So far, Utah policy has primarily lagged behind federal policy, with legislators and agencies simply waiting for federal requirements before action is taken. This is illustrated by how Utah is handling increased ozone pollution in Salt Lake county, Davis county and the west side of Utah county. Governor Gary Herbert has called for these areas to be labeled “non-attainment zones,” signaling that they have ozone levels in the air that exceed the federal EPA limit. Since this designation will not require action unless the zone remains polluted for three years afterward, it is unlikely to spur immediate action. When Utah has not been following EPA guidelines, it has been fighting them, as it did when the state’s Department of Environmental Quality filed a legal challenge against the EPA to reduce requirements for allowable levels of carbon emissions.

Many of the arguments Utah legislators and regulators give for fighting federal rules are understandable.

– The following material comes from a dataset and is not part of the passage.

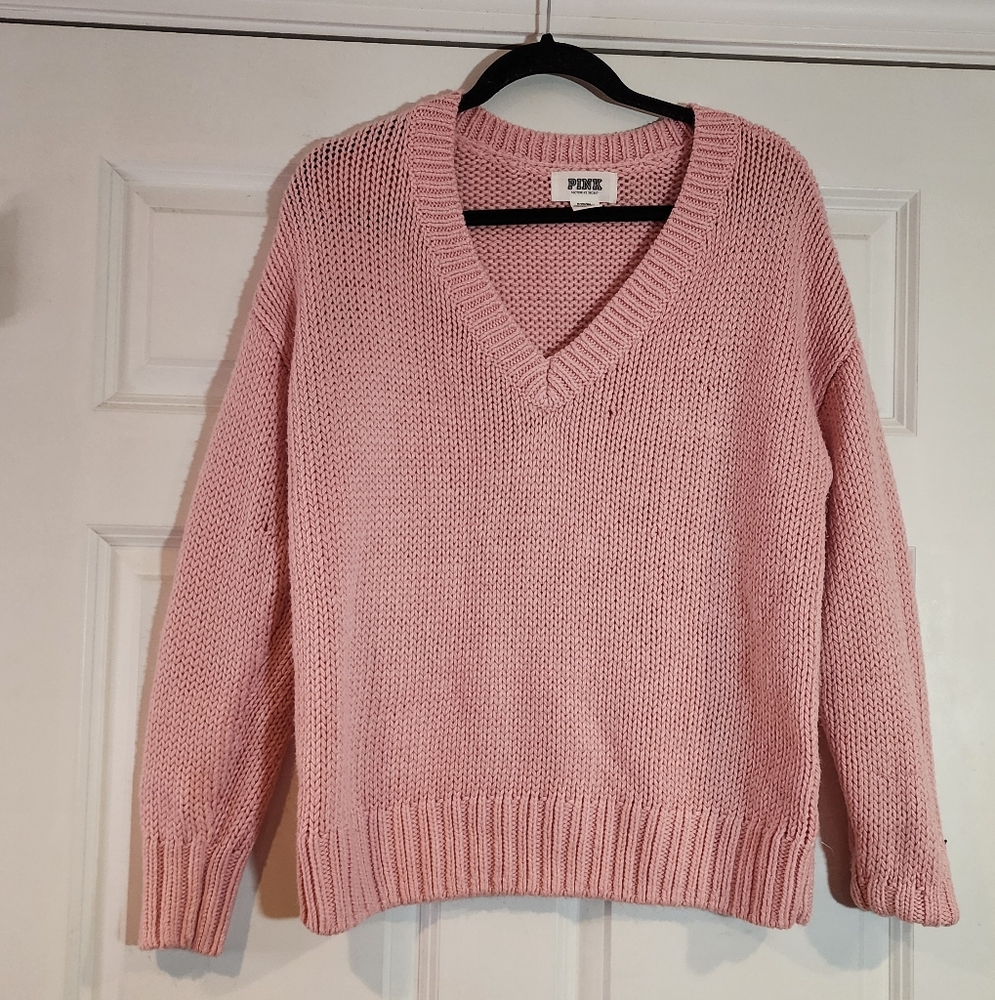 PINK Victorias Secret Pink Knit V Neck Sweater M Has A Couple Small Pulls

It is definitely the case that federal regulations can ignore the specifics of our state. This does not, however, justify inaction. Current policy, which amounts to little more than fighting with the EPA over specifics, provides few alternative means to deal with haze the Utah way. In the absence of alternatives, all Utah has to rely on are EPA standards. The continued problems with Utah’s air shows that the current plan of “wait and see” is not acceptable.

As air quality becomes an issue which voters remain deeply concerned about, now is a good time for Utah legislators to craft serious legislation to reduce the amount of pollutants in the air. Such a policy would please Utah voters who consider air quality to be a continued problem in our state. More importantly, it would help make Utah air free of harmful chemicals and keep our parks clear and beautiful.